The seeds of my life’s work were sown in my unusual upbringing. When I was 6 years old, my parents dragged me off to become a Buddhist. When I say dragged, they were not coercive— at that age you do what your parents do! The extraordinary thing about this was that I had direct experience of being a member of a minority in two ways: first, we were the only non-Japanese people in that community for at least 6 years; and simultaneously with that I was the only Buddhist in my school, taunted and jeered at by classmates who had no idea what they were talking about. It also gave me a very early understanding of the meaning of war and injustice. For the Japanese people in Canada who had survived the war, words like “Hiroshima” and “Nagasaki” had a very special meaning. They had also experienced internment without charge or trial during the war. So, looking back, that really shaped my life without my realizing it. It determined what I would do for the rest of my life and introduced me to incredibly helpful inner tools for doing that work—such as mindfulness and compassion practices.

Still, there are experiences in my work for which I don’t think anything can prepare you. Recently, I was in the living hell of refugee camps on the border of Myanmar and Bangladesh to see the Rohingya people who are the victims of Buddhist terror. They were certainly surprised to see an old white man who looked them in the eye and said, “I am a Buddhist, and I have come here to express my horror and my sorrow at what has been done in the name of Buddhism, and which is utterly the opposite of the Buddhist teachings.”

People have questioned what the good people of Germany were doing during the Holocaust, or what the good people of Spain were doing during the Spanish Inquisition, or what moderate Muslims have been doing in the face of the rise of Isis. In these refugee camps, I found myself facing that same question. I felt the weight of responsibility as a Buddhist, looking into the eyes of people who have experienced unspeakable horror at the hands of people who claim to be defending Buddhism.

Encouragingly, I have found that mindfulness can build bridges across differences that seem to separate us from our common humanity. Over the last four years, I have been spending part of my time teaching at a university in Morocco. It began as a project to teach mindfulness to young imams who had completed their primary Islamic education and were due to become the equivalent of priests in their communities. I wondered if it would be possible to really bridge the cultural and conceptual barriers that have come up over so many centuries of misunderstanding and conflict.

But what I found was that the presentation of contemporary neuroscience combined with the direct experience of pure mindfulness practice crossed all barriers. The first comment that these young imams made to me after their first practice session was “this will help our prayer.” I realized in that moment that mindfulness practice is in a way the most pure expression of our common humanity.
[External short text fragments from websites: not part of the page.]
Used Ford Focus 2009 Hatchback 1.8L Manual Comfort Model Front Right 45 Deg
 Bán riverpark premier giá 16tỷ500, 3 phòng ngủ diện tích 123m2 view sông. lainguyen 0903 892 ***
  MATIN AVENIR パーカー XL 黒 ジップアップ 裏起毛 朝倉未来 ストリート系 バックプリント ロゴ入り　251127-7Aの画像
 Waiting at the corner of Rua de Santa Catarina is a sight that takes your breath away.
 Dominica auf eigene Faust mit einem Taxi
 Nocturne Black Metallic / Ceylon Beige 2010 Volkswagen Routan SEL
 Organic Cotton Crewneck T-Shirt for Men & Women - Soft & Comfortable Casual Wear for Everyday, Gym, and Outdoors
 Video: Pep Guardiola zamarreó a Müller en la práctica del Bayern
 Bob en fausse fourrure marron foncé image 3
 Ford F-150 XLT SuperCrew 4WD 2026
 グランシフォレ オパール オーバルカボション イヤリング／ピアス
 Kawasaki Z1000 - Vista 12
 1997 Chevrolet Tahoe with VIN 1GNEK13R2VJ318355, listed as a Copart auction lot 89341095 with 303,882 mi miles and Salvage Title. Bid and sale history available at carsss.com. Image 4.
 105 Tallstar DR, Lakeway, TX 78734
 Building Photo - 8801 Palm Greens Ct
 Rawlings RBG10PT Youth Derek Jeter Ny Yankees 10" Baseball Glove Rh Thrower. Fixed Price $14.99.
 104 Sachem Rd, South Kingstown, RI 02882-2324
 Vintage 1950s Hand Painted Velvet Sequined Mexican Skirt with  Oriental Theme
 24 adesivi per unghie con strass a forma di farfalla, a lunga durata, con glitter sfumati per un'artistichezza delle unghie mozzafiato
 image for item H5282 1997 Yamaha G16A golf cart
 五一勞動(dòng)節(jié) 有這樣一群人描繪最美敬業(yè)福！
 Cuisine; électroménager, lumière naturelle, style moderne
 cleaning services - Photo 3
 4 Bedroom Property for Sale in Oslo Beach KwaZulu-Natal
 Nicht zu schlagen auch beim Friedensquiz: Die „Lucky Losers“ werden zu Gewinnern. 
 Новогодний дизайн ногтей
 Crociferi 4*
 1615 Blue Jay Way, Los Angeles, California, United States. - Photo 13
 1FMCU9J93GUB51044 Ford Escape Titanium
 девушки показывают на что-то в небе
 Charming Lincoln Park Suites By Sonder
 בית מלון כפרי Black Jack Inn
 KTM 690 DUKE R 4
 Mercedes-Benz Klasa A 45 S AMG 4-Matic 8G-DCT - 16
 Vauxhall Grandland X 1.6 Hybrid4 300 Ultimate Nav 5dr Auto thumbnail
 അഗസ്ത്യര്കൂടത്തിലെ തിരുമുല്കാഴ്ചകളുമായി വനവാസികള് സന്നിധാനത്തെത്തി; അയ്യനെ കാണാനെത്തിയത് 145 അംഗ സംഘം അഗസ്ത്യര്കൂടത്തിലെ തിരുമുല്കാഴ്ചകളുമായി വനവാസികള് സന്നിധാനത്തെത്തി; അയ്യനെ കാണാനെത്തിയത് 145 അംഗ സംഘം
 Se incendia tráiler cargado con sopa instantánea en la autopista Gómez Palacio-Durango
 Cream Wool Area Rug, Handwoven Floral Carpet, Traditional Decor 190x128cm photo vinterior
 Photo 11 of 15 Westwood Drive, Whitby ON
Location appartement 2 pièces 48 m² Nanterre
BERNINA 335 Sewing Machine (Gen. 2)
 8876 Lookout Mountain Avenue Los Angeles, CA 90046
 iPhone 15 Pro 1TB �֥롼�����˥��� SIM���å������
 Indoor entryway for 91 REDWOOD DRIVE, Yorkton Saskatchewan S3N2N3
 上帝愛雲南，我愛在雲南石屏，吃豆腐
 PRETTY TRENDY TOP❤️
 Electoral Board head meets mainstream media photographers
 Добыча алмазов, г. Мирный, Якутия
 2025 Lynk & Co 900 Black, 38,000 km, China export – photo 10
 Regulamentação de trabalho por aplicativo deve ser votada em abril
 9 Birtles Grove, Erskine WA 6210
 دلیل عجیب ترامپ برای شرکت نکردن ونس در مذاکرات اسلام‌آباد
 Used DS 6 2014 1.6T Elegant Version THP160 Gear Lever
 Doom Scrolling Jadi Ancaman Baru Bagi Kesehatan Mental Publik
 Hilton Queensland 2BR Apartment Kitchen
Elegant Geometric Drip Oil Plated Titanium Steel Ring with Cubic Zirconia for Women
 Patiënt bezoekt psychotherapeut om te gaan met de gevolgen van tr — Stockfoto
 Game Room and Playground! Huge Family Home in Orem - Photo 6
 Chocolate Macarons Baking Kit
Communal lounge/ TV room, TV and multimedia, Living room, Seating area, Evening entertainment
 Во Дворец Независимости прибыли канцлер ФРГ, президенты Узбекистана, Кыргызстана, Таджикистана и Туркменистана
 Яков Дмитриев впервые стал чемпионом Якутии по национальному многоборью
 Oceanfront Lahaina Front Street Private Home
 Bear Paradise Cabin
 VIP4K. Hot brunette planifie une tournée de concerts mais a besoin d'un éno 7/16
It is something that transcends cultures and history. It is in a sense an expression of our essential nakedness in the cosmos. That deeply personal experience is the basis of profound listening.

There is understandable skepticism about whether the ancient traditions of mindfulness practice can be made publicly available on a mass scale and still have the same potency. But if there was ever a point in history where as many people as possible could benefit from that personal experience of mindfulness (and the resulting interpersonal experience), it is now.

That is why I believe that, while there is no guarantee of success, we cannot afford not to make this experiment.

Richard Reoch is Chairperson of the Board of Trustees of the Mindfulness Initiative, lead partners in the GIFT Mindful Nations Initiative as well as a member of the GIFT Global Advisory Board.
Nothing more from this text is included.